Sometimes the best thing to wake up to is Sunshine. Today I woke up to a very overcast day. I couldn’t stand it. So I decided to make my own sunshine. Sunshine muffins that is. Because ever since the first person made this kind of awesome muffins, they knew they wanted to wake up to them ever since. You can find versions of these kinds of muffins all over the internet. From names of Morning Glory and others and some even just plain ol’ carrot muffins.
But these muffins are unique. They have the perfect muffin base of all the breakfast muffins we love, oatmeal and brown sugar, and even some butter. They even have some healthy natural additions such as chopped dates, zante currants and raisins. And the best part of all, Raw carrots. I know that may sound crazy, raw carrots in a muffin, but bare with me.
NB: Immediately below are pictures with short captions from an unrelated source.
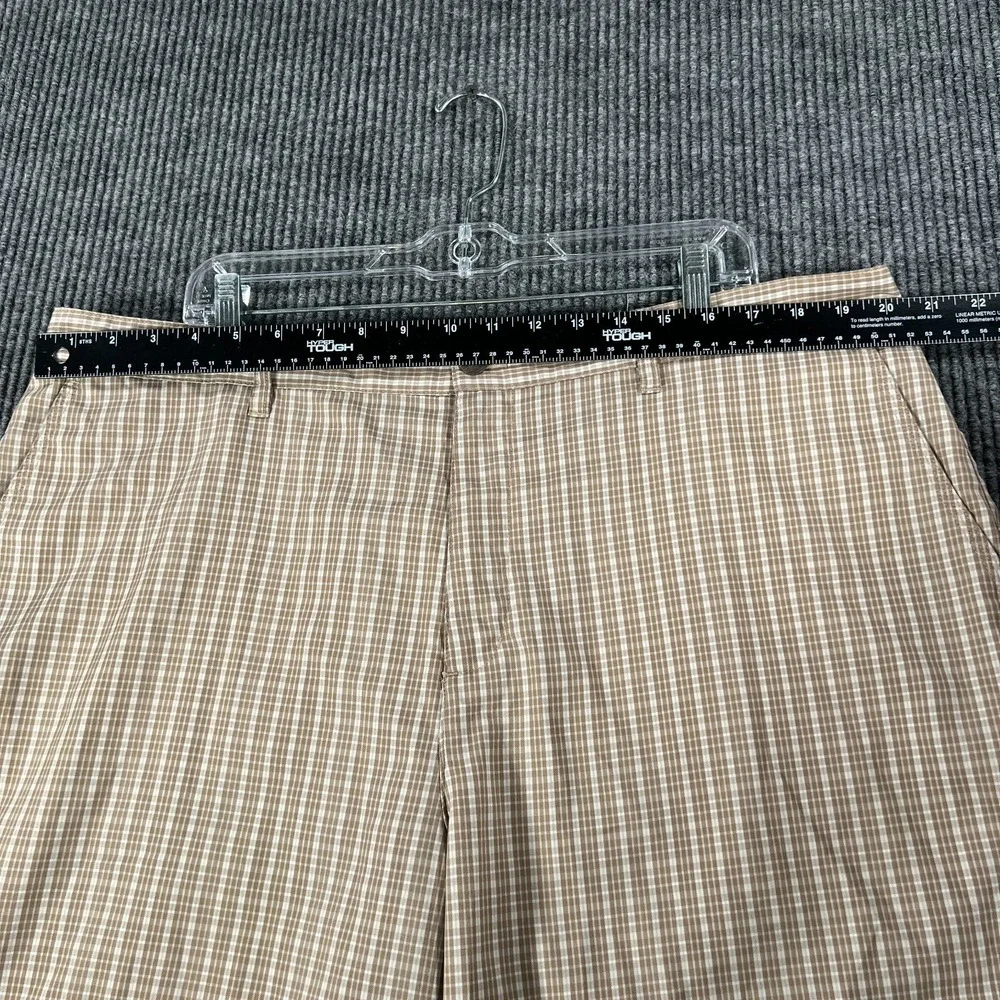 Adidas Mens Shorts 40 Brown Plaid Chino Golf 11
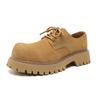 British style men casual cowboy suede leather shoes lace-up derby shoe outdoors desert platform sneakers street youth footwear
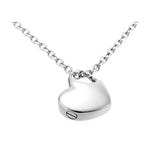 Cremation Necklace - Classic Style Silver Heart Shaped Cremation Necklace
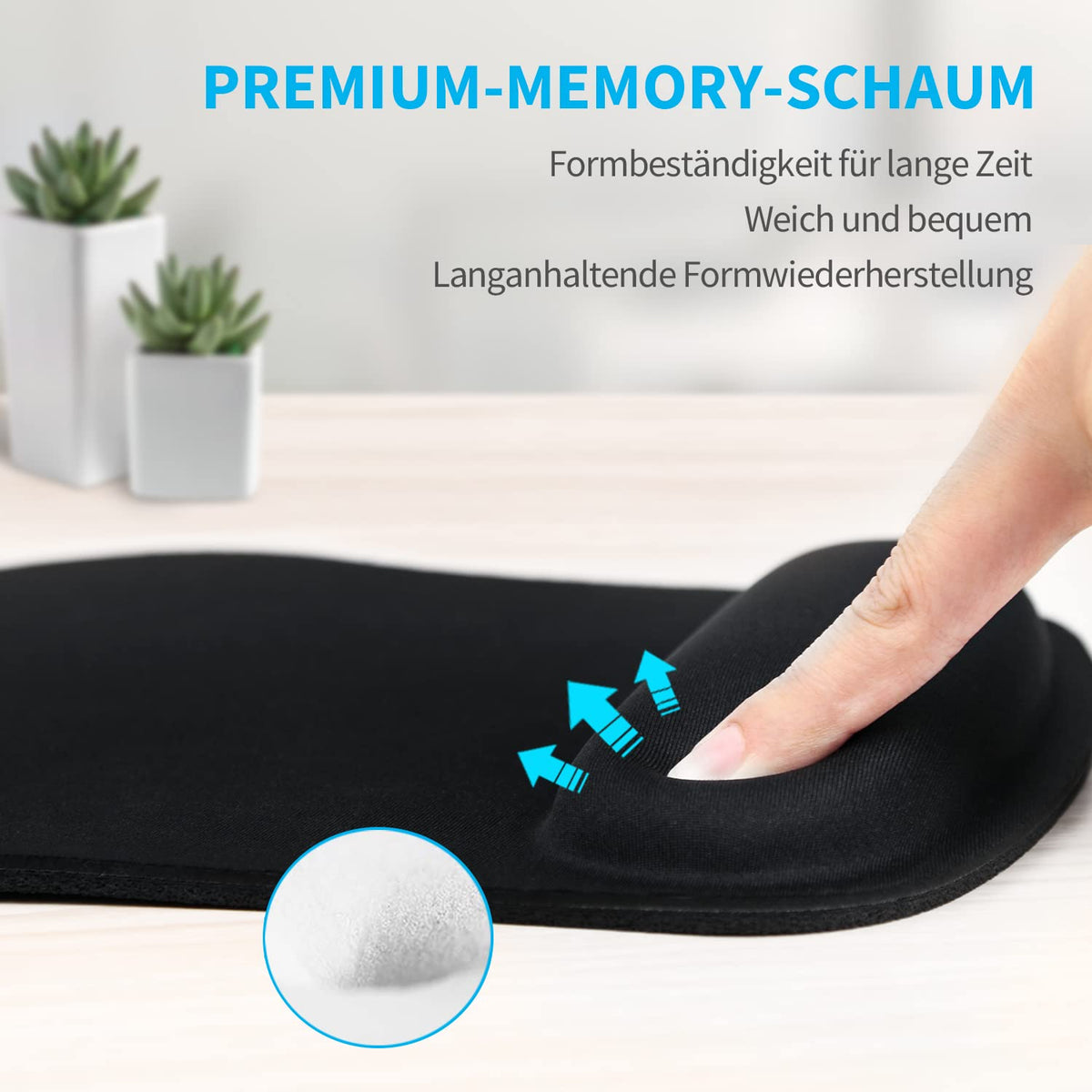 TECKNET Mauspad mit Gelkissen, Ergonomisches Wasserdicht Mousepad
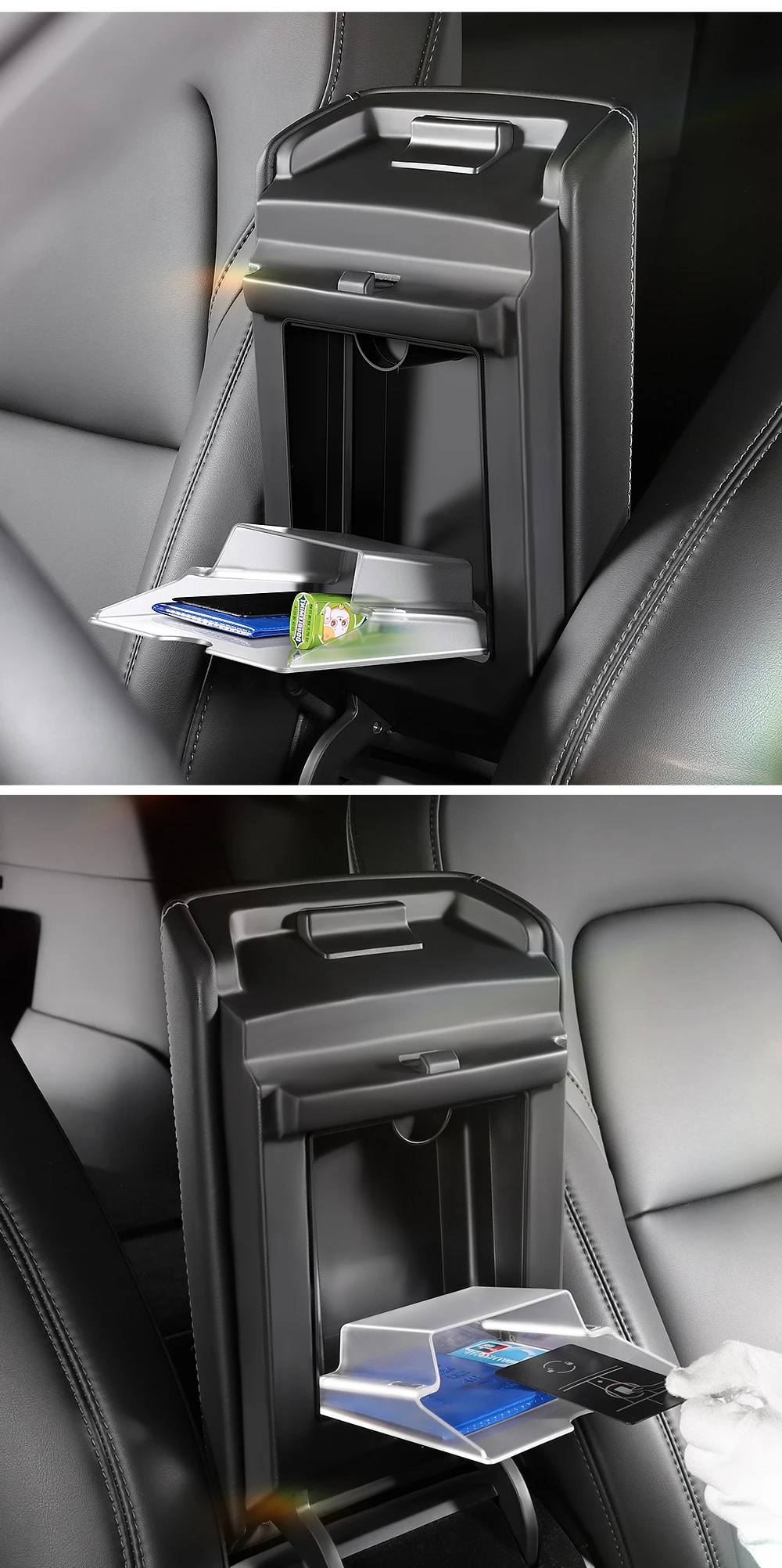 Magnetic Center Console Hidden Storage Box For Tesla Model 3 Y Armrest Hidden Organizer For Tesla Hidden Storage Box Accessory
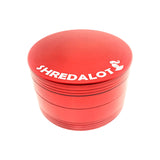 Sir Shredalot 4-part Grinder in Red, 100mm, Top View on White Background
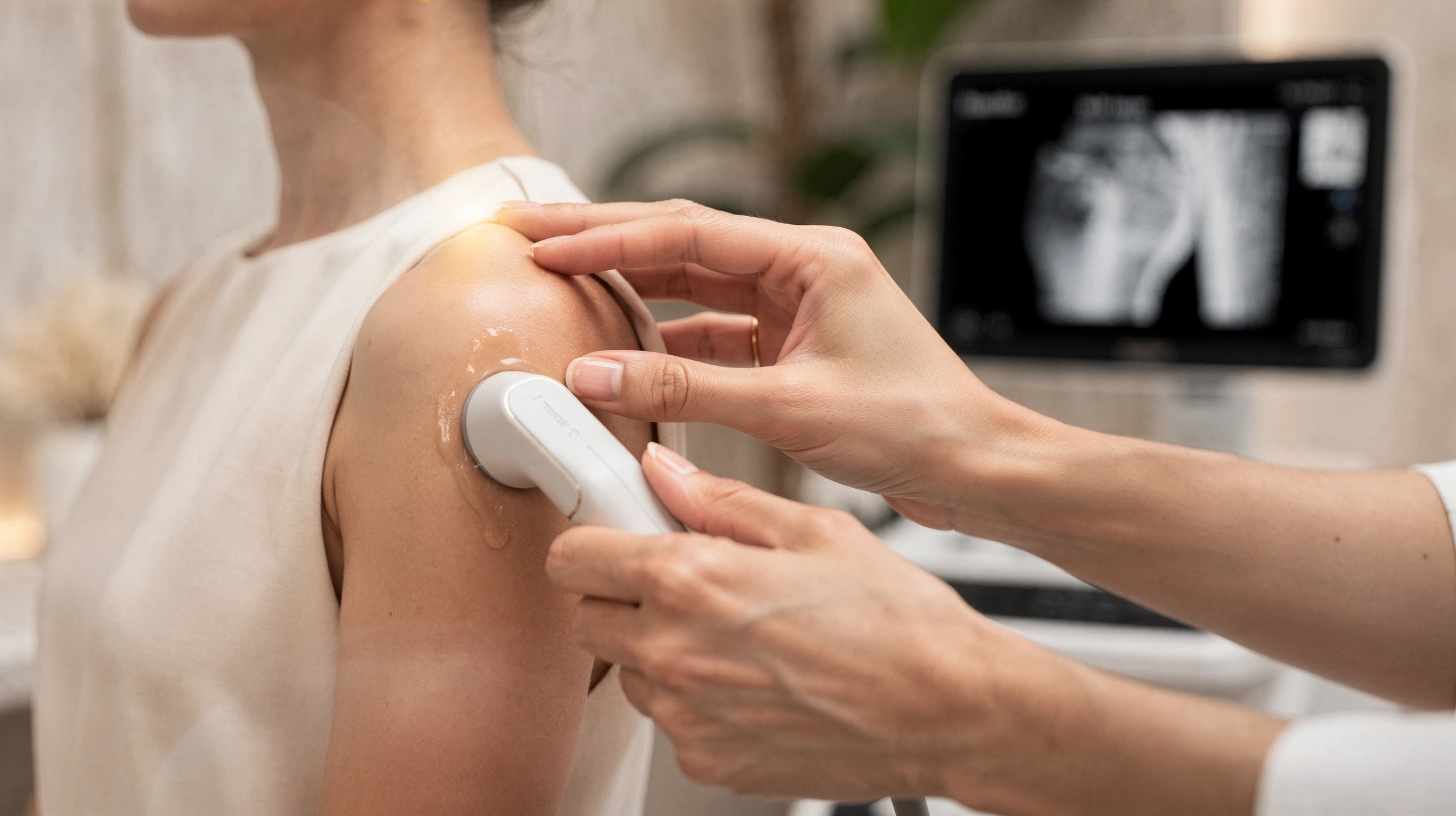 Musculoskeletal ultrasound exam of a patient’s shoulder at Orlando Spine Studio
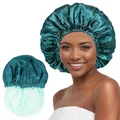 Detalle de gorros de satén en azul verde y menta con banda elástica para protección del cabello - Talla única / Azul Aqua
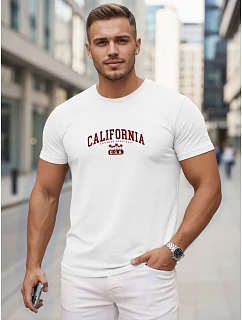 Pánské bavlněné tričko s potiskem „California“, bílé, FashionStreet NX5140R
Most breakfast sunshine muffins use carrots but need to have the use of a food processor. If you know me from Facebook, you would know that I broke mine, mere weeks after getting it as a present from my grandma for Christmas 2014, it sucks. But it hasn’t stopped me from making anything that requires one, in fact I do quite fine without one. Sorry NeeNee. I loved it too much..lol
Anyways I invented a few ways of getting around not having one. First off having a high speed blender that is glass works for a whole lot of things, but not in this case. I guess I could have pulverized the carrots in the blender but better minds prevailed. I had my son use the hard cheese grater to grate them. When grating fresh carrots you produce a stringy pulp that is perfect for muffins. Viola, by the help of 5 year old chef Elijah we had our ½ cup of fresh raw carrots and started making muffins.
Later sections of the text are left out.